O fato de o acusado encontrar-se embriagado quando dirigia o veículo que atingiu as vítimas, por si só, não justifica a imputação de dolo eventual, nem serve para lastrear a condenação pelo Tribunal do Júri.

Acidente em 2008 foi causado por motorista embriagado

Com esse entendimento, a 5ª Turma do Superior Tribunal de Justiça anulou a condenação de um homem acusado de homicídio doloso ocorrido em 2008, em Florianópolis.

O réu conduzia seu carro embriagado por volta das 7h40 da manhã quando atingiu dois atletas de triatlo, que praticavam ciclismo em uma rodovia, e fugiu do local. Um deles morreu, o outro ficou severamente ferido.

A discussão no STJ envolve definir se a condenação pelo Tribunal do Júri, que foi mantida pelo Tribunal de Justiça de Santa Catarina, foi manifestamente contrária às provas dos autos.

E isso passa pela definição do dolo eventual do motorista embriagado — quando o agente não busca diretamente o resultado de causar a morte, mas aceita ou é indiferente à sua ocorrência.

Definir se há dolo eventual ou não é função dos jurados, que não precisam justificar a própria decisão, mas devem embasá-las pelas provas produzidas.

A acusação sustentou a ocorrência de dolo eventual pela embriaguez do motorista, a velocidade excessiva do veículo, o fato de o acidente ocorrer no acostamento da rodovia e a fuga do local dos fatos.

O problema é que há laudo pericial que contraria a versão sobre o local do acidente. Além disso, segundo o processo, não há provas de que a velocidade era excessiva no momento do impacto.

Nesse cenário, o ministro Ribeiro Dantas entendeu que a conclusão dos jurados foi contrária à prova dos autos e foi acompanhado por maioria de votos. O colegiado anulou a condenação e determinou a realização de um novo Júri.

Só a embriaguez

Para o relator, se o único elemento incontroverso é a embriaguez do motorista, e não há como sustentar a ocorrência do dolo eventual somente com base nesse fato.

O acórdão do TJ-SC reconhece que não foi produzida prova pericial sobre a velocidade do motorista. Ainda assim, concluiu que a velocidade era alta porque não houve frenagem, o motorista invadiu a pista contrária ao acertar as vítimas e o local tinha boa visibilidade.
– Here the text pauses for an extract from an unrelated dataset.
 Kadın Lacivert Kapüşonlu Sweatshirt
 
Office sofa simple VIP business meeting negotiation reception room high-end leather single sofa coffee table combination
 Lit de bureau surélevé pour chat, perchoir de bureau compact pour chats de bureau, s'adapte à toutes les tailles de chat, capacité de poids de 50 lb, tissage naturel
Segundo o ministro Ribeiro Dantas, é possível que o carro estivesse em alta velocidade e também que isso tenha ocorrido devido à embriaguez do réu, mas a opção por uma ou outra versão precisa estar amparada em provas, o que não ocorreu.

Em vez disso, o acórdão afirma que os fatos que demonstram o dolo não podem ser considerados individualmente, porque as provas indicariam globalmente o dolo eventual.
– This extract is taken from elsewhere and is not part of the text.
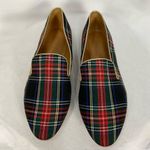J.Crew Plaid Smoking Loafers Stewart Tartan Black Red Sz 10.5 Flats Slip-on Photo 1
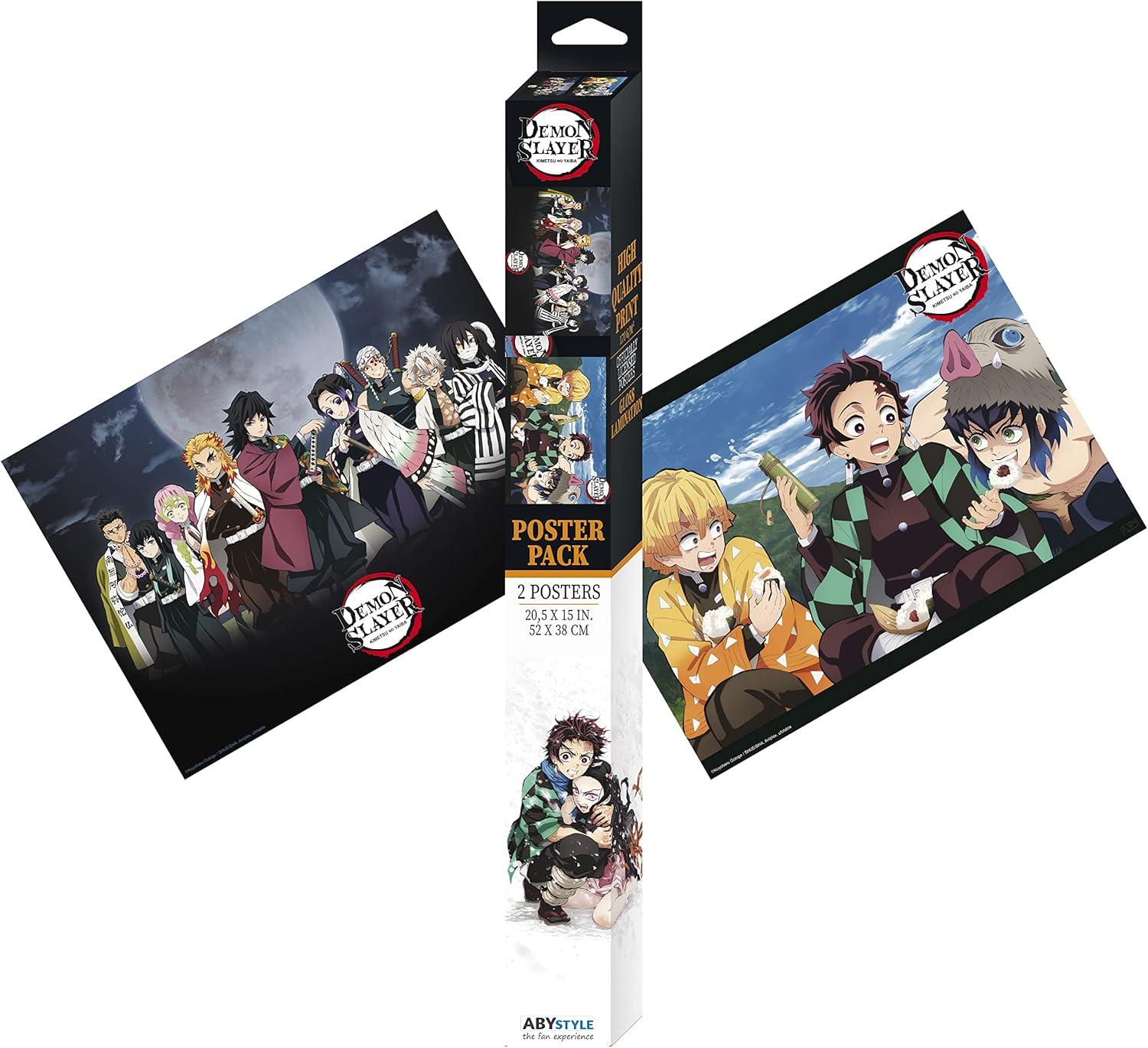 ABYstyle Officially Licensed Demon Slayer Boxed Poster Set Series 2 | Official Anime Wall Art, 4-Pack Posters for Bedroom, Office, or Gift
“Essa forma holística de raciocínio probatório ignora que, no processo penal, cada fato, cada elemento do crime precisa ter suporte específico nas provas, sendo inviável presumir a comprovação de quaisquer deles — mesmo na falta de provas específicas a seu respeito — apenas porque fazem sentido ou não divergem de outras provas já existentes.”

Em voto-vista, o ministro Joel Ilan Paciornik defendeu que a inferência do dolo eventual em situações de embriaguez ao volante seja feita com extrema cautela. “Não pode ser presumido com base em indícios frágeis ou em meras conjecturas”, disse.
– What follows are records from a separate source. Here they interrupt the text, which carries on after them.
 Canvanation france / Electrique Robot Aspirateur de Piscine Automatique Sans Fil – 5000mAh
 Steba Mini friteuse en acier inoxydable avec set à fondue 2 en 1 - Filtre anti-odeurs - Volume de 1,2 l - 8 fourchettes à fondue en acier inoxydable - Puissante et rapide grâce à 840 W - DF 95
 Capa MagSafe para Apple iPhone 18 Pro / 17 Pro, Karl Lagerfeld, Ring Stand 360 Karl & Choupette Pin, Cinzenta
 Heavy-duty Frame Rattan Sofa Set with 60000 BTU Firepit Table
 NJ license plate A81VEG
Formaram a maioria com eles os ministros Messod Azulay Neto e Reynaldo Soares da Fonseca.

Não há como saber

Abriu a divergência e ficou vencida a ministra Daniela Teixeira, que votou por não conhecer do recurso especial. Para ela, não é possível anular a deliberação dos jurados porque eles não precisam justificar a decisão tomada.

Assim, o afastamento da tese de excesso de velocidade e de acidente no acostamento pelo laudo pericial não retira deles a possibilidade de se apoiar nos demais elementos probatórios que gravitam em torno da tese.

“Podem ter se apoiado em algum, alguns ou todos estes elementos para formar sua íntima convicção o que, todavia, não é possível se apurar neste momento, justamente porque, como quis o constituinte, sua convicção é íntima e deve ser preservada e respeitada em sede recursal”, disse.

Para a ministra Daniela, anular o júri significaria atrelar a imagem do STJ a uma péssima mensagem de leniência a hipóteses similares, abalando o efeito das leis que visam coibir o uso de álcool no trânsito.